**** SOURCE MATERIAL ****

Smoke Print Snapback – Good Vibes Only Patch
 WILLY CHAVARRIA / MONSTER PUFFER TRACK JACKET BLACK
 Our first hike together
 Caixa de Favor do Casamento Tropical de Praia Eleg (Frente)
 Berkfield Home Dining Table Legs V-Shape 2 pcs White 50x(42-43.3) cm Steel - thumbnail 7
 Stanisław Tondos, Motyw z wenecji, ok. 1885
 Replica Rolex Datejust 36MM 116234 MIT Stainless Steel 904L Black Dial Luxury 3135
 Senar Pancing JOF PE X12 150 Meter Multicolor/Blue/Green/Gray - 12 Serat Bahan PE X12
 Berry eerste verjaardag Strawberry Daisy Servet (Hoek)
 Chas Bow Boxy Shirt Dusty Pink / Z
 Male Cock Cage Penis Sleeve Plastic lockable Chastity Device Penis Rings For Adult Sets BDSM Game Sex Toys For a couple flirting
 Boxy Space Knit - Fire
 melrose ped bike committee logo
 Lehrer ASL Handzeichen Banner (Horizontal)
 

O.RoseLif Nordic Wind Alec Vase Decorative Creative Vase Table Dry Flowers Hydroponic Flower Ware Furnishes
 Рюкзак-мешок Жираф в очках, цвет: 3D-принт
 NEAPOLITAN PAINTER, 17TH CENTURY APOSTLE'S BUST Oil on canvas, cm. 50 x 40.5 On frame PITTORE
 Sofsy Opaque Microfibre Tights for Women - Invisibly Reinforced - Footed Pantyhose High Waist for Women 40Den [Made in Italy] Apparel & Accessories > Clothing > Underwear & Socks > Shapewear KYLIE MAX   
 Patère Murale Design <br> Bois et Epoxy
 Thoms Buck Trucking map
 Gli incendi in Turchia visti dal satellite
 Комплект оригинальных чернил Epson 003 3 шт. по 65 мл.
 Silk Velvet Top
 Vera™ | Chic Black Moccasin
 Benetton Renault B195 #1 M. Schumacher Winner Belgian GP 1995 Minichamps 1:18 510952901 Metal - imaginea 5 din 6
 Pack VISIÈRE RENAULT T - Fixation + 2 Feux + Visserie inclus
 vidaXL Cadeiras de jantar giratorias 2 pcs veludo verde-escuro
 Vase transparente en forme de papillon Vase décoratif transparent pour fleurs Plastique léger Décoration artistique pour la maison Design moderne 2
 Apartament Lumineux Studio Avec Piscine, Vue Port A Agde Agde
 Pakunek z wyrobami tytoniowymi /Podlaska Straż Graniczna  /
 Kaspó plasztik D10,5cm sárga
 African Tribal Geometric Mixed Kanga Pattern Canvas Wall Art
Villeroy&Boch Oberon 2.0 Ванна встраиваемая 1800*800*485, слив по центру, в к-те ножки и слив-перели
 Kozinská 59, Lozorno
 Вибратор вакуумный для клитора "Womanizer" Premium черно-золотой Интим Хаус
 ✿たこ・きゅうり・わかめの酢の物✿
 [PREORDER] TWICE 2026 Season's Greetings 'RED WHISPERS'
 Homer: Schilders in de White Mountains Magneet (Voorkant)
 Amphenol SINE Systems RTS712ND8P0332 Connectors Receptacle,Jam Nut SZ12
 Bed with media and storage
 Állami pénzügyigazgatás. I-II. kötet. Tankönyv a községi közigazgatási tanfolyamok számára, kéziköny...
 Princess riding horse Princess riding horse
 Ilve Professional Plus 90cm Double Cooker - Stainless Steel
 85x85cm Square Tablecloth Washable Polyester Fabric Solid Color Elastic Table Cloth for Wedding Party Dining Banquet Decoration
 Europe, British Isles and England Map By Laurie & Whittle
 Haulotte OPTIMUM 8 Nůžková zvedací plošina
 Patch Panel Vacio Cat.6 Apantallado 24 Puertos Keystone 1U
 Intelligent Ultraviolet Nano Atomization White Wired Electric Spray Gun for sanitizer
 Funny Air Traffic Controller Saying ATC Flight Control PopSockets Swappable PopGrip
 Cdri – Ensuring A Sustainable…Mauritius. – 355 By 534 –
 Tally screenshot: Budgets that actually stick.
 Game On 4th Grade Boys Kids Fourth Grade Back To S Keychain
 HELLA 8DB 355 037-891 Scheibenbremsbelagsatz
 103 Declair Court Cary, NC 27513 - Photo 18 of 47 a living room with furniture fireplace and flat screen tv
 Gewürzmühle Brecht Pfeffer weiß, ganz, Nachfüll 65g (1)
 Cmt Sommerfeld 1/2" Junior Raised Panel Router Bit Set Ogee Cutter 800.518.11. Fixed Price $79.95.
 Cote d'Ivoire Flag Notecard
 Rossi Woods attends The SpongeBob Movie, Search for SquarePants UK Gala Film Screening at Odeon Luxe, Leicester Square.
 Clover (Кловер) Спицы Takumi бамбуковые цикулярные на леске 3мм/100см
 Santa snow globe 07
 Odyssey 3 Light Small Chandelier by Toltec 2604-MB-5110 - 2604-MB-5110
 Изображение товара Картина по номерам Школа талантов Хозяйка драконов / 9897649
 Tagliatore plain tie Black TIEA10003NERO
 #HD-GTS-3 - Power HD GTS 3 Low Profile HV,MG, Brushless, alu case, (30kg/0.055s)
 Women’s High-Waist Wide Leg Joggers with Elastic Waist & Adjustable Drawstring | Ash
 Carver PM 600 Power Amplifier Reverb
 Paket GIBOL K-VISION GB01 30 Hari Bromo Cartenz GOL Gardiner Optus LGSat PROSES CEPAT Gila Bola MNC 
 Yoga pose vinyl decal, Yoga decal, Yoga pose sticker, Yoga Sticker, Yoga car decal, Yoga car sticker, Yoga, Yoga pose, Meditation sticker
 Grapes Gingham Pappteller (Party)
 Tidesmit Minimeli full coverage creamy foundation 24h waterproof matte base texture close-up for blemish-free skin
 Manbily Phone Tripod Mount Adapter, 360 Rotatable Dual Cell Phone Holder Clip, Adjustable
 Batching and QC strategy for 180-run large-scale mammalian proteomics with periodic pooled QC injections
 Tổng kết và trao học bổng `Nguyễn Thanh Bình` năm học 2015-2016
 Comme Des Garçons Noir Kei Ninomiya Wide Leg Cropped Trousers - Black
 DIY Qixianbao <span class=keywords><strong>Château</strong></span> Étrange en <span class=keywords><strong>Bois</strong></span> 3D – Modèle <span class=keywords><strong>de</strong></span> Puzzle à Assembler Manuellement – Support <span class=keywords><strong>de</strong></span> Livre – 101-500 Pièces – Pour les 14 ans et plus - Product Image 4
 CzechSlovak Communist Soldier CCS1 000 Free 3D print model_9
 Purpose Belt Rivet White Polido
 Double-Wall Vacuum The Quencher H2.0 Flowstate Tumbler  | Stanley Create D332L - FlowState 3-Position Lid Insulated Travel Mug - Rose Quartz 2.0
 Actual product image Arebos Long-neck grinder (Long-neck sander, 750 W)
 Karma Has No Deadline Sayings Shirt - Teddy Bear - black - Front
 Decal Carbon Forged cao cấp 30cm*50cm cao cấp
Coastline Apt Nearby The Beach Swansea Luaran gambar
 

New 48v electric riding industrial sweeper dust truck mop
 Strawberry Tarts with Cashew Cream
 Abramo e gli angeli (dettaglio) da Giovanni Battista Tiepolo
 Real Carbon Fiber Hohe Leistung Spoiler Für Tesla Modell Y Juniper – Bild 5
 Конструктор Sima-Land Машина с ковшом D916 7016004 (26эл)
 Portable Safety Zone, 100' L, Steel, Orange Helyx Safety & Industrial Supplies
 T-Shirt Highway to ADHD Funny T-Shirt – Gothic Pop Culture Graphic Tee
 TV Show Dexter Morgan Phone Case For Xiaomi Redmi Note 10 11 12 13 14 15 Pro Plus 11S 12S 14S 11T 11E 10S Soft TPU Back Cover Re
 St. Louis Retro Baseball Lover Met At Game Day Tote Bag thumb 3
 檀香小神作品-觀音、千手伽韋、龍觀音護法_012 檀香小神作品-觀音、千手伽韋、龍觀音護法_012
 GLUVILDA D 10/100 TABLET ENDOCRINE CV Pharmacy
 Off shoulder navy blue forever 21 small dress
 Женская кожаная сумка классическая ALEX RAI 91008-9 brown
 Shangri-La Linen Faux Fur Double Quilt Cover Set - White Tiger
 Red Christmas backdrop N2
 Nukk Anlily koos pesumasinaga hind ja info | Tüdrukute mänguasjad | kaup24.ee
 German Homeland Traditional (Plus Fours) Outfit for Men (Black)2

****

INSTRUCTIONS FOR THE TASK: Print the lines above from the one with "melrose ped bike committee logo" through the one with "Ilve Professional Plus", both included, exactly as written and nothing more.

RESULT OF THIS EXERCISE:
 melrose ped bike committee logo
 Lehrer ASL Handzeichen Banner (Horizontal)
 

O.RoseLif Nordic Wind Alec Vase Decorative Creative Vase Table Dry Flowers Hydroponic Flower Ware Furnishes
 Рюкзак-мешок Жираф в очках, цвет: 3D-принт
 NEAPOLITAN PAINTER, 17TH CENTURY APOSTLE'S BUST Oil on canvas, cm. 50 x 40.5 On frame PITTORE
 Sofsy Opaque Microfibre Tights for Women - Invisibly Reinforced - Footed Pantyhose High Waist for Women 40Den [Made in Italy] Apparel & Accessories > Clothing > Underwear & Socks > Shapewear KYLIE MAX   
 Patère Murale Design <br> Bois et Epoxy
 Thoms Buck Trucking map
 Gli incendi in Turchia visti dal satellite
 Комплект оригинальных чернил Epson 003 3 шт. по 65 мл.
 Silk Velvet Top
 Vera™ | Chic Black Moccasin
 Benetton Renault B195 #1 M. Schumacher Winner Belgian GP 1995 Minichamps 1:18 510952901 Metal - imaginea 5 din 6
 Pack VISIÈRE RENAULT T - Fixation + 2 Feux + Visserie inclus
 vidaXL Cadeiras de jantar giratorias 2 pcs veludo verde-escuro
 Vase transparente en forme de papillon Vase décoratif transparent pour fleurs Plastique léger Décoration artistique pour la maison Design moderne 2
 Apartament Lumineux Studio Avec Piscine, Vue Port A Agde Agde
 Pakunek z wyrobami tytoniowymi /Podlaska Straż Graniczna  /
 Kaspó plasztik D10,5cm sárga
 African Tribal Geometric Mixed Kanga Pattern Canvas Wall Art
Villeroy&Boch Oberon 2.0 Ванна встраиваемая 1800*800*485, слив по центру, в к-те ножки и слив-перели
 Kozinská 59, Lozorno
 Вибратор вакуумный для клитора "Womanizer" Premium черно-золотой Интим Хаус
 ✿たこ・きゅうり・わかめの酢の物✿
 [PREORDER] TWICE 2026 Season's Greetings 'RED WHISPERS'
 Homer: Schilders in de White Mountains Magneet (Voorkant)
 Amphenol SINE Systems RTS712ND8P0332 Connectors Receptacle,Jam Nut SZ12
 Bed with media and storage
 Állami pénzügyigazgatás. I-II. kötet. Tankönyv a községi közigazgatási tanfolyamok számára, kéziköny...
 Princess riding horse Princess riding horse
 Ilve Professional Plus 90cm Double Cooker - Stainless Steel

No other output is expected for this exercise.